Author: Dai Minmin (Master candidate, Southeast University Law School)
Abstract: The establishment of the lenient system of pleading guilty and admitting punishment has had a certain impact on sentencing suggestions. The system of pleading guilty and lenient punishment has not changed the fundamental attribute of sentencing suggestions, and it still has the nature of suggestions, but the provisions of Article 201 of the Criminal Procedure Law make it binding on court decisions. The completely different views of the court and the procuratorate on sentencing suggestions further lead to the confusion in the adoption of sentencing suggestions in practice, which hinders the development of the system of pleading guilty and recognizing punishment. Through the empirical investigation of sentencing suggestions, it is found that the court’s adoption of sentencing suggestions mainly has some problems, such as inconsistent acceptance standards, violation of procedural regulations, and insufficient communication between the legal and procuratorial parties. On the premise of recognizing that sentencing suggestions are procedural powers and binding to some extent, it is suggested to improve them from three aspects: establishing a correct concept of power of prosecution and trial, refining examination standards and strengthening communication between law enforcement and prosecution.
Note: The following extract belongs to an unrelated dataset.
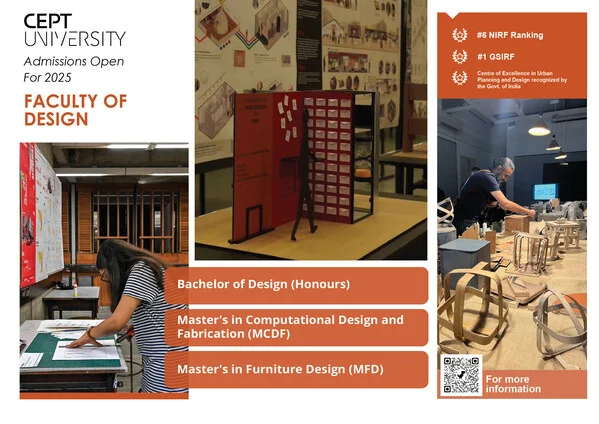 Faculty of Design at CEPT University Invites Applications to UG and PG Programs 2025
Keywords: guilty plea, lenient punishment system, sentencing suggestion, not adopting the standard judicial procedure of reviewing the relationship between prosecution and trial
3. On the implementation of "the same case and the same sentence" in criminal cases
Author: Liu Meng (Master candidate, Southeast University Law School)
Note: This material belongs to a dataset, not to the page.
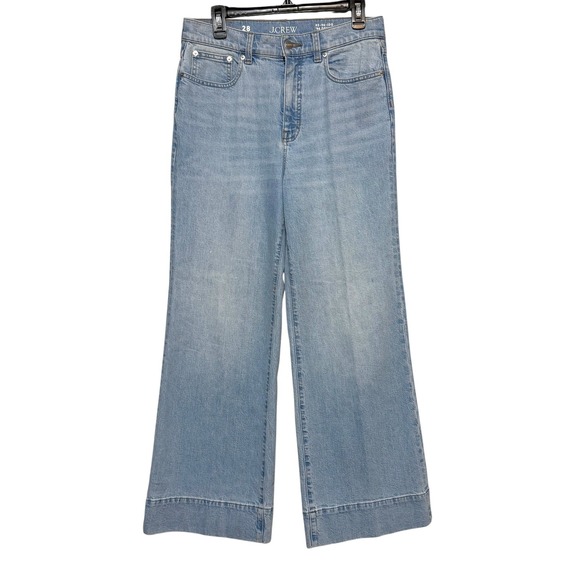J. Crew Denim - J. Crew '96 Denim Trouser Jeans High Rise Wide Leg Womens Size 28 Classic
Summary: "Same case and same sentence" in criminal cases refers to "the same treatment of similar cases", which is not only the inherent requirement of the fairness and justice value of law and the principle of clarity of criminal law, but also the inevitable trend of responding to judicial chaos and people’s demands. The discussion of the specific connotation of "the same case and the same sentence" should be carried out in the specific context of departmental law. For "the same case", the criterion in the conviction stage is the constitution of the crime, and the criterion in the sentencing stage is the main sentencing circumstances; For "same sentence", cases with the same crime constitution and the same sentencing circumstances should be punished with the same penalty, and the limitation of knowledge level and the existence of discretionary sentencing circumstances allow differentiated judgments. In order to realize "the same case and the same sentence", on the one hand, it is necessary to strengthen the retrieval of similar cases in criminal justice, promote the compulsory retrieval mechanism of similar cases and the assistance of artificial intelligence to similar case retrieval; On the other hand, we should attach importance to the role of case guidance system in criminal justice, and at the same time, the local people’s courts should explicitly apply it when issuing guidance cases in the Supreme People’s Court.
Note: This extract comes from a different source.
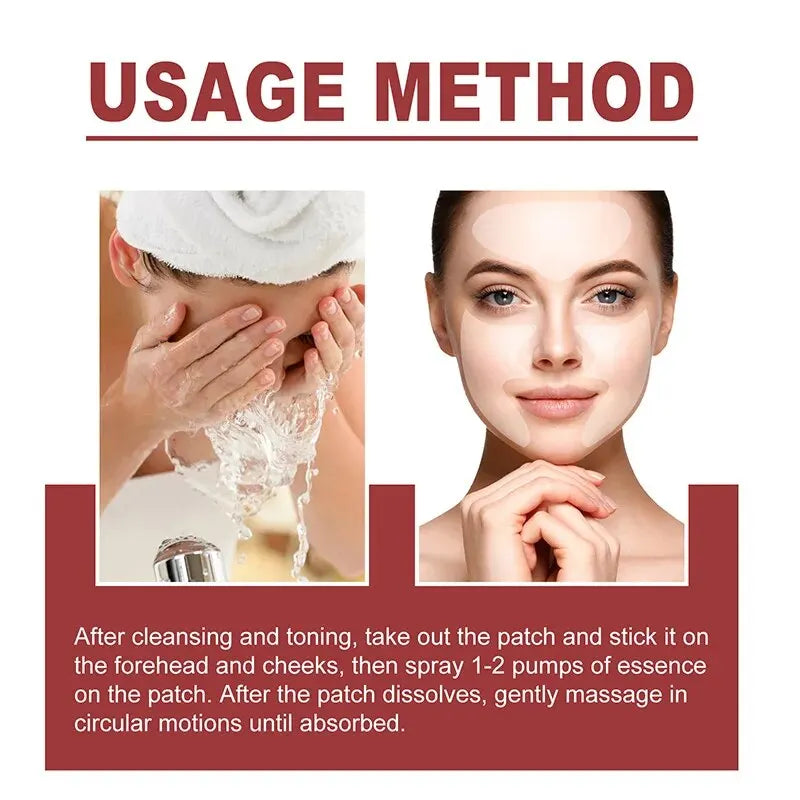 Membrana de colágeno que aclara arrugas, bolsas y ojeras, reafirma la piel y rejuvenece los ojos, dándole volumen e hidratación.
Keywords: "the same case and the same sentence" in criminal cases, case retrieval, mandatory retrieval of big data case guidance system
4. Rebuilding the prosecution system of dealing with crimes only after telling them.
Author: Xu Yunjie (Master candidate, Southeast University Law School)
Abstract: Looking at the current operation of the strict private prosecution system, there are some prominent problems, such as the lack of prosecution efficiency and improper intervention of public power. In essence, there is no conflict between the right of private prosecution and the right of state prosecution, and they are unified in protecting citizens’ rights. Therefore, removing the barriers of public prosecution and private prosecution and positioning the crime of handling only by telling as the nature of public prosecution will help solve the problem of functional failure and weak operation of strict private prosecution system. In order to overcome the infringement of private rights and the hard impact of state prosecution on social order, it is necessary to give full play to the horizontal supervision of power and the vertical restriction of rights at the same time, and to ensure the legitimacy of state prosecution and the autonomy of the exercise of rights through pre-trial meetings and granting citizens the right to self-determination. Reconstruct the dual prosecution mechanism with trial as the center and parallel public and private prosecution, respect the individual will of citizens on the basis of ensuring the effectiveness of the prosecution system, and connect with the criminal reconciliation system to form a complete and flexible relief system.
Keywords:: tell to deal with the crime of libel by public prosecution and private prosecution, and parallel public prosecution and private prosecution at the pre-trial meeting
5. Judicial Identification and Reflection on the Crime of Obstructing the Prevention and Control of Infectious Diseases in the Form of Dual Crimes —— Taking 64 Judgment Documents as the Starting Point
Author: Liu Xiaoning (Master candidate, Southeast University Law School)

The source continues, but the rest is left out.